Silly, I know, but whenever I try something new, there is a deep-rooted tendency to think that I'm gonna do it like it's never been done before. Were Wikipedia to have an entry for "happy, ignorant enthusiasm", I imagine my picture would be there, or there would at least be a link to my website as an archetypal example. Ridiculous.
|based on Hersey & Blanchard, whoever the hell they are|
Is this a dagger I see before me?
No! It's a wikipedia article about "happy, ignorant enthusiasm"! It doesn't have my picture, though, but it does have a very clear description of me and others like me.
It turns out, EVERYBODY starts out as happy, ignorant and enthusiastic, because they have no idea of the complexity of the thing they want to accomplish, be it writing great fiction, making really cool videos, sinking a free throw or anything else.
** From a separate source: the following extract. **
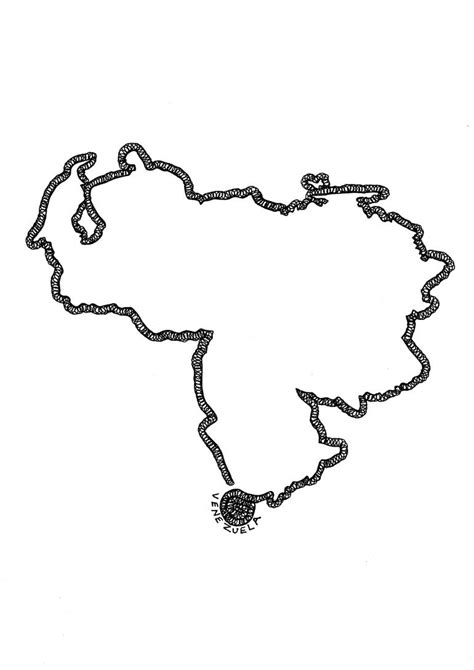 Venezuela Border Drawing by Shanmukha Kanchinakere Annegowda | Saatchi Art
On the chart to the right (click to zoom), that would be a D1 - high enthusiasm, low competence, and without a single fracking clue what they are letting themselves in for.
Of course, as soon as you start to do it (whatever "it" is), you have a better understanding of the process, and a much better understanding if you make a deliberate effort at studying how it's done. This can be self-guided study or as part of a formal degree program or course of instruction. Either way, it doesn't take long until you realize that, "hey, this thing I love and want to do a lot of? It's actually pretty damn difficult". Hence the stereotype of the bitter graduate student, a classic D2. You now understand the problem; you just lack the skills to solve them. "Enthusiasm? What's that? Oh, yeah, I remember being happy... once."
The next step is where things start to get better. You spend that first thousand hours practicing, you write your first million words, you finish your MFA program. The toolbox is getting filled and, more importantly, your soul is getting slowly filled with the record of accomplishments. Minor ones at first, then more important ones. The other favored analogy is that the scar tissue and calluses are getting thicker and thicker. One day, you think, "I can do this. I really can." It's still not automatic, nothing approaching the effortless grace and ability of the leaders of your field, but you can do it. This would be D3, where skills are high, confidence is good, enthusiasm is on the rise.
Nirvana awaits at D4. This is where you are the complete package. You not only have the skills to deliver the goods, you have confidence in your craft and your voice. The guys down at the D3 level want to be you. The guys at the D2 level fear they never will be, and come to you asking for advice. The guys down at the D1 level think they already are as good as you, and just haven't been discovered yet. Pity the poor D1s for their ignorance, but do not despise us. (Er, I mean, them.)
Then, just as you are a wonderfully competent and accomplished individual, you decide to undertake a new project. A D4 writer of short stories, you decide to write a novel. Guess what? You're back to D1 and you have to start the process all over again. Why?
Because writing a novel is different from writing short stories. Making a video is different, too. Some skills are transferable, but these are different tasks. Depending on the task and your innate proclivities, sometimes you can race through this cycle of learning & development, sometimes it's harder. For each new job, there's a whole new skill set you need to acquire, develop mastery in and develop confidence in.
As a novelist, I'm squarely in D2 at the moment. Sucks to be a D2.